Betrayed by The Guy That's Snoring on the Couch

I got a call at work today from PPT & The Guy That's Snoring on the Couch, and it went something like this:

M: Really Big Insurance Company, this is Shannon.

PPT: Hi mom, it's me.

M: Hi lovebug. What's up?

PPT: I know you're probably going to kill me, so I don't even know why I'm asking...but-can-I-please-get-a-$16-Airsoft-gun-and-I'll-work-for-16-straight-days-to-earn-it? (said in one breath).

M: What? A BB gun? No. (Note: this is about the 397th time he's asked for one, and every single time, we say no. Notice I said we say no...we, as in myself and the other parental figure.)

PPT: Please mom, I really want it and...

M: Who do you want to shoot?

PPT: Nobody, I don't even want the BBs, I just want the gun, I promise!

M: You don't want the BBs? What are you going to do, stare at the gun lovingly?

PPT: No, I just really want the gun and...

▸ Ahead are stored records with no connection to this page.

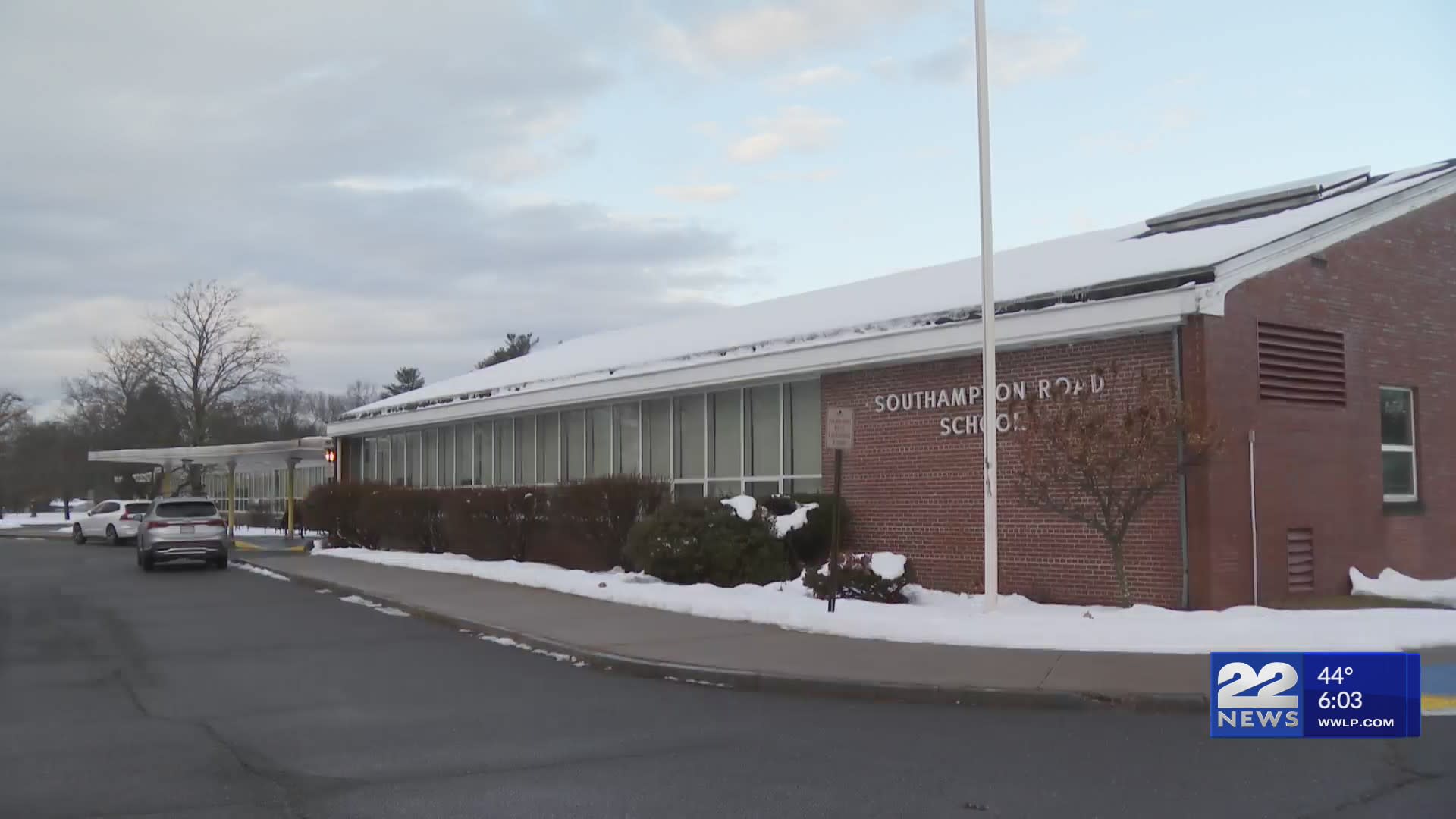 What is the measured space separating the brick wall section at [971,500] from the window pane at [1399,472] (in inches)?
195

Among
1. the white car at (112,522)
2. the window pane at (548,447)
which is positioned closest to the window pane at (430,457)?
the window pane at (548,447)

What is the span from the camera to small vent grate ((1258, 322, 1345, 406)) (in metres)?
15.6

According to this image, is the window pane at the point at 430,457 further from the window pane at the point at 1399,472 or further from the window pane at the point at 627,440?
the window pane at the point at 1399,472

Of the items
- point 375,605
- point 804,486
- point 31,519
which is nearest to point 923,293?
point 804,486

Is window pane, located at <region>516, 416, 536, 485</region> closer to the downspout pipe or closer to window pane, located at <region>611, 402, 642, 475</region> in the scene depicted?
window pane, located at <region>611, 402, 642, 475</region>

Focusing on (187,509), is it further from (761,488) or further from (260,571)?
(761,488)

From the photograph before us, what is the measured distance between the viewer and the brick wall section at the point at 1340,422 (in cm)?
1468

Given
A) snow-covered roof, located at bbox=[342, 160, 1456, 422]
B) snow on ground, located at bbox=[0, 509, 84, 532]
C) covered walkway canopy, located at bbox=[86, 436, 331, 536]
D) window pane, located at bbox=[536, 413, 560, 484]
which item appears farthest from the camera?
snow on ground, located at bbox=[0, 509, 84, 532]

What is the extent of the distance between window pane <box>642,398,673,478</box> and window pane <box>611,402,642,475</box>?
28 cm

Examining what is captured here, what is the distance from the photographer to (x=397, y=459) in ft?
119

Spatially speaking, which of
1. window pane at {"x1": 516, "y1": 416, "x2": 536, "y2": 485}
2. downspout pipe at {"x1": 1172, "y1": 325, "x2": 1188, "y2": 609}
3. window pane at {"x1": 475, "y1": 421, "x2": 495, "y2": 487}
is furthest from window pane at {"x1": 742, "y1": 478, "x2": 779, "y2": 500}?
window pane at {"x1": 475, "y1": 421, "x2": 495, "y2": 487}

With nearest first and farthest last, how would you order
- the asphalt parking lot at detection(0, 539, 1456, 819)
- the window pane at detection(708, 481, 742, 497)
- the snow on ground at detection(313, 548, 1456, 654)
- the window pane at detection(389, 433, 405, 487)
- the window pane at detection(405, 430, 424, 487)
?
the asphalt parking lot at detection(0, 539, 1456, 819) < the snow on ground at detection(313, 548, 1456, 654) < the window pane at detection(708, 481, 742, 497) < the window pane at detection(405, 430, 424, 487) < the window pane at detection(389, 433, 405, 487)

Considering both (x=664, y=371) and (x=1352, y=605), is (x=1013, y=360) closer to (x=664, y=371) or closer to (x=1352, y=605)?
(x=1352, y=605)

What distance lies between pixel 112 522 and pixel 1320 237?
41.5 metres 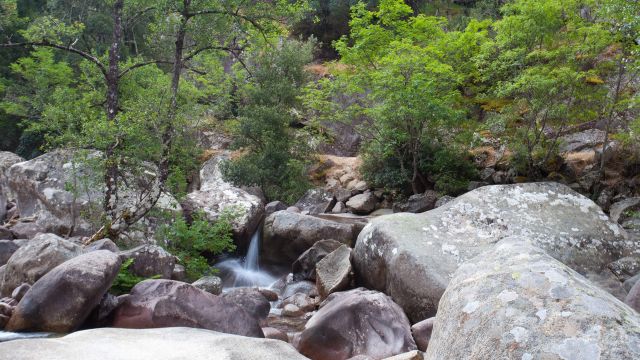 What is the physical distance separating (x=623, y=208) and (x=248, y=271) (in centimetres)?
940

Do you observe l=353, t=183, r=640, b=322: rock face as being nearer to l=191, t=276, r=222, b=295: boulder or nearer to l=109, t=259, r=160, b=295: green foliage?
l=191, t=276, r=222, b=295: boulder

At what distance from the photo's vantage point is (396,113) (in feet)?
50.4

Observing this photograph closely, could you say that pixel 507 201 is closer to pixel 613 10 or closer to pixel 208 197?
pixel 613 10

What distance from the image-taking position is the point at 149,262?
336 inches

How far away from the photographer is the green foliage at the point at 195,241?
10633 millimetres

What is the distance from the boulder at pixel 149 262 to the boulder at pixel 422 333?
443 cm

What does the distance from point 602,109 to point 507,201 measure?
22.7 ft

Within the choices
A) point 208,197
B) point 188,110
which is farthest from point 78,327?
point 188,110

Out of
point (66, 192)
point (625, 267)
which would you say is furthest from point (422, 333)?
point (66, 192)

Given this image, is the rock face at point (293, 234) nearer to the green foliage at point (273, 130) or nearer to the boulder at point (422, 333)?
the boulder at point (422, 333)

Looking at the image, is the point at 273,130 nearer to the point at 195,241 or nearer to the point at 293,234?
the point at 293,234

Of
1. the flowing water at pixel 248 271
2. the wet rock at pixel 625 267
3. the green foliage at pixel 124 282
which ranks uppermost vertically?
the wet rock at pixel 625 267

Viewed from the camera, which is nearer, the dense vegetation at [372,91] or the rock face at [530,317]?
the rock face at [530,317]

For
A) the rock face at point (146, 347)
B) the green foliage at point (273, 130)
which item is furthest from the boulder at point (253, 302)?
the green foliage at point (273, 130) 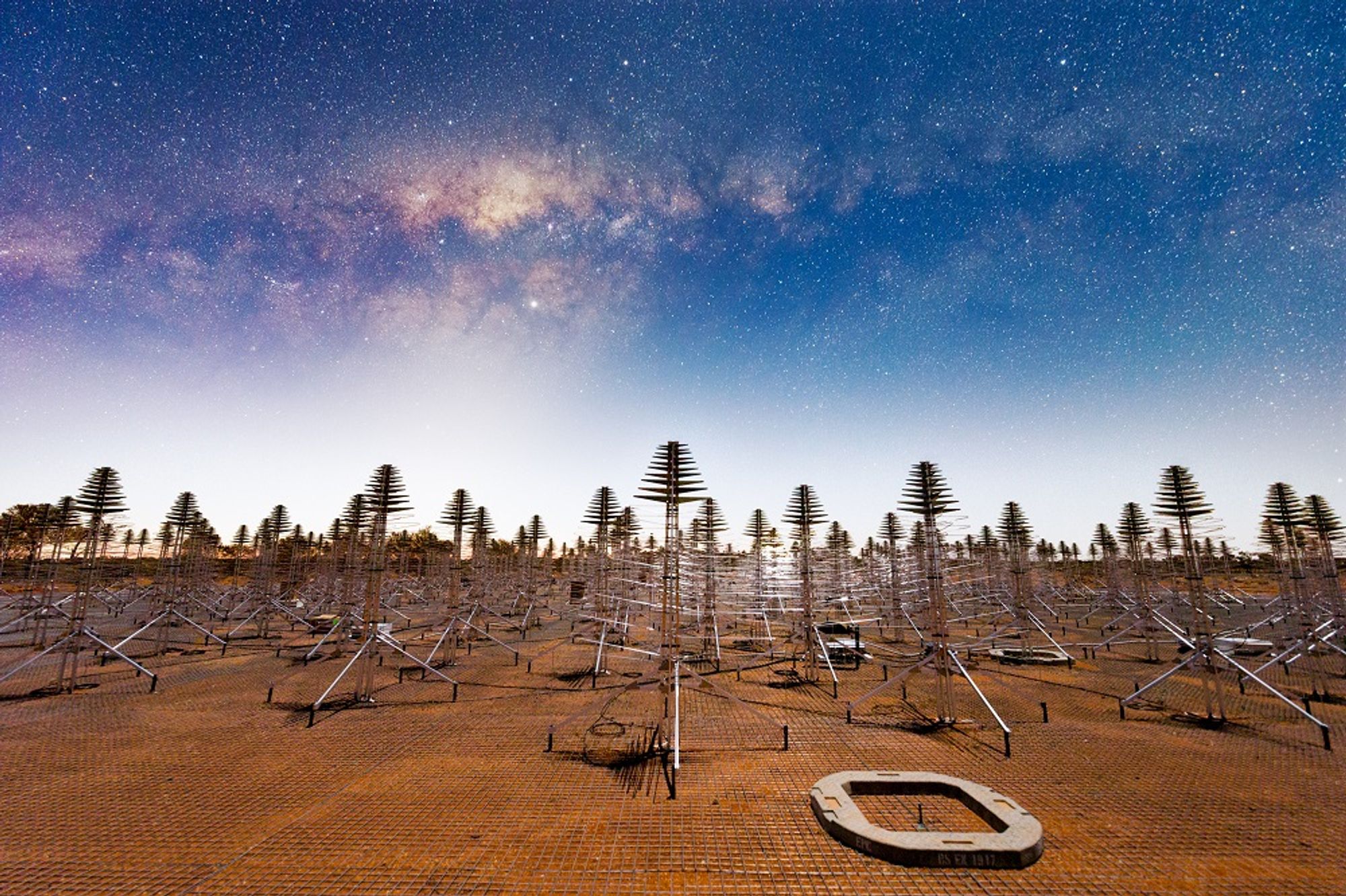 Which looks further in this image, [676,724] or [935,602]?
[935,602]

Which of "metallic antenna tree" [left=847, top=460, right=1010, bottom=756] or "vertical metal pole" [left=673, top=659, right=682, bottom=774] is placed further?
"metallic antenna tree" [left=847, top=460, right=1010, bottom=756]

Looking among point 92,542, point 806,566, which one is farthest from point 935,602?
point 92,542

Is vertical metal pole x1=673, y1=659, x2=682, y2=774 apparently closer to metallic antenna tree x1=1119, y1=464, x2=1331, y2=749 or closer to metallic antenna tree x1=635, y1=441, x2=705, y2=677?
metallic antenna tree x1=635, y1=441, x2=705, y2=677

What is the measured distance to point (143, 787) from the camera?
1359cm

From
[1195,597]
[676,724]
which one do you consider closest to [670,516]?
[676,724]

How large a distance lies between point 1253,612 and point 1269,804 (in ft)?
233

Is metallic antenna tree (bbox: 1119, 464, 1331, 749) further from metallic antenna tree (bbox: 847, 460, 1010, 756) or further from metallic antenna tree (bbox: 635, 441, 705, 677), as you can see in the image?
→ metallic antenna tree (bbox: 635, 441, 705, 677)

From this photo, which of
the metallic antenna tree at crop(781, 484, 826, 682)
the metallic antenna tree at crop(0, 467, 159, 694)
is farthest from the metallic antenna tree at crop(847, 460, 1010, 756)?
the metallic antenna tree at crop(0, 467, 159, 694)

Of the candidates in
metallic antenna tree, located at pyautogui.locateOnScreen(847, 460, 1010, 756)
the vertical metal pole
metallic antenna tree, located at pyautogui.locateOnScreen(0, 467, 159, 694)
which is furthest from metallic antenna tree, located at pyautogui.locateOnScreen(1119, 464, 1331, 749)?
metallic antenna tree, located at pyautogui.locateOnScreen(0, 467, 159, 694)

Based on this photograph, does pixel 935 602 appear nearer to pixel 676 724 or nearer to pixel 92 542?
pixel 676 724

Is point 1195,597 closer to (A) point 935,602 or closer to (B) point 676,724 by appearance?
(A) point 935,602

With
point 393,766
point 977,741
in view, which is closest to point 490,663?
point 393,766

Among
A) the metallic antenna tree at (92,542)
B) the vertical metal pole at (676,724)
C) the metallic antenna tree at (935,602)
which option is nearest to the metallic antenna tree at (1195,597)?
the metallic antenna tree at (935,602)

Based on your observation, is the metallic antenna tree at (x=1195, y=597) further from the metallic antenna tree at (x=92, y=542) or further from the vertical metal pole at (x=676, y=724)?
the metallic antenna tree at (x=92, y=542) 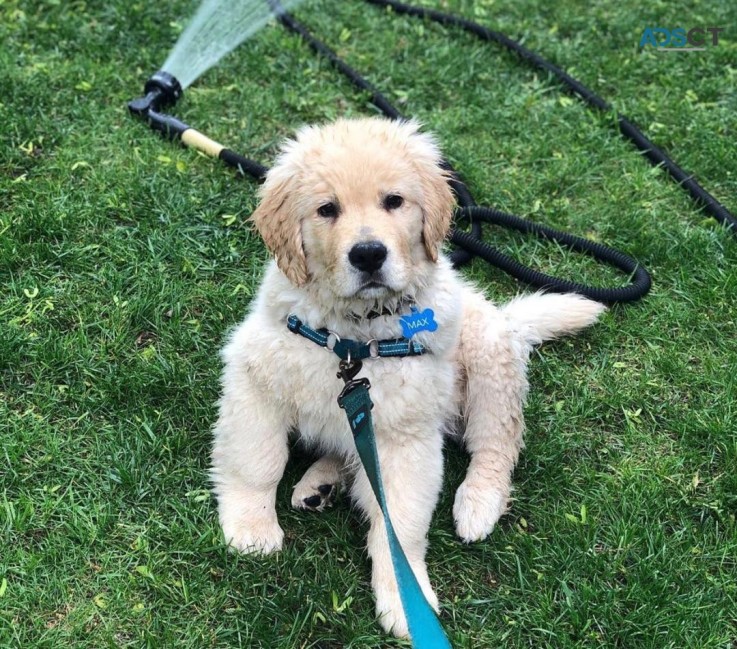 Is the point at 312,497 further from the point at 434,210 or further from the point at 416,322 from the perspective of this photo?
the point at 434,210

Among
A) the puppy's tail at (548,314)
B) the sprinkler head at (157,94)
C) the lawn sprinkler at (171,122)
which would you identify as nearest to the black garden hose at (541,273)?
the puppy's tail at (548,314)

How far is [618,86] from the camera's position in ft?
19.1

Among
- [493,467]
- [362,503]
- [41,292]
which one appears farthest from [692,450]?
Result: [41,292]

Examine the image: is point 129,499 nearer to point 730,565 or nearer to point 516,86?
point 730,565

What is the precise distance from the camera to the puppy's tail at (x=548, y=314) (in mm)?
3766

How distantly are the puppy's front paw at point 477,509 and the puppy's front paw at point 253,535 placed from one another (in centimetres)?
67

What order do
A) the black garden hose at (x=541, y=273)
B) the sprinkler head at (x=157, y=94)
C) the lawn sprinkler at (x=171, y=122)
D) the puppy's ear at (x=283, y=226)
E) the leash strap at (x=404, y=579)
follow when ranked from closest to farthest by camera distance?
the leash strap at (x=404, y=579)
the puppy's ear at (x=283, y=226)
the black garden hose at (x=541, y=273)
the lawn sprinkler at (x=171, y=122)
the sprinkler head at (x=157, y=94)

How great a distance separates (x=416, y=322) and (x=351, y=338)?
24 cm

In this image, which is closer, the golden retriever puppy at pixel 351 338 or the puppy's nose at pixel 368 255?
the puppy's nose at pixel 368 255

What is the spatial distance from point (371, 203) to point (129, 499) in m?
1.41

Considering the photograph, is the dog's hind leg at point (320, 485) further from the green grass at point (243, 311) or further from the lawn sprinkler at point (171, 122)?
the lawn sprinkler at point (171, 122)

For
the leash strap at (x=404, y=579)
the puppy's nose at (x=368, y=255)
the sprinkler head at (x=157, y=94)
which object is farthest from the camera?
the sprinkler head at (x=157, y=94)

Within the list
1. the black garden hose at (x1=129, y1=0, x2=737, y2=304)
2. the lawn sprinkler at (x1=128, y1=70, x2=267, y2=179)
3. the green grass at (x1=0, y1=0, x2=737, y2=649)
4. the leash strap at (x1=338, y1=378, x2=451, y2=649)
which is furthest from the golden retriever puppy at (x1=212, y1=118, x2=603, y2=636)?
the lawn sprinkler at (x1=128, y1=70, x2=267, y2=179)

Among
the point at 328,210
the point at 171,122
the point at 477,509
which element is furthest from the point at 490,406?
the point at 171,122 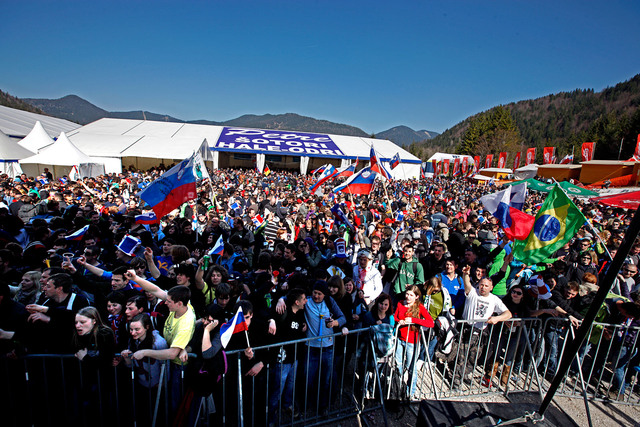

M: Please put the human who's supposed to be the adult on the phone.

(Lots of snickering and shuffling noises)

TGTSOTC: Sooooo....how'd it go?

M: I hate you.

TGTSOTC: (giggles like a little school girl)

Bastard. Start sleeping with one eye open.

2 people used their Big Boy words to communicate:

LiteralDan said...

In all fairness, an AirSoft gun shoots plastic pellets, so it's a step below a BB gun, but I'm sure this distinction has been made to you ad infinitum.

I just wanted to note that the best part of being an adult is that I could go buy myself a pellet gun or something right now just because I want to, and go shooting random stuff around our house.

I'm not saying my wife would be happy about it, but I could. In theory.

Anonymous said...

Don't you love it when the other adult doesn't like to say no and make you look like the "bad cop"! I hate it when they do that!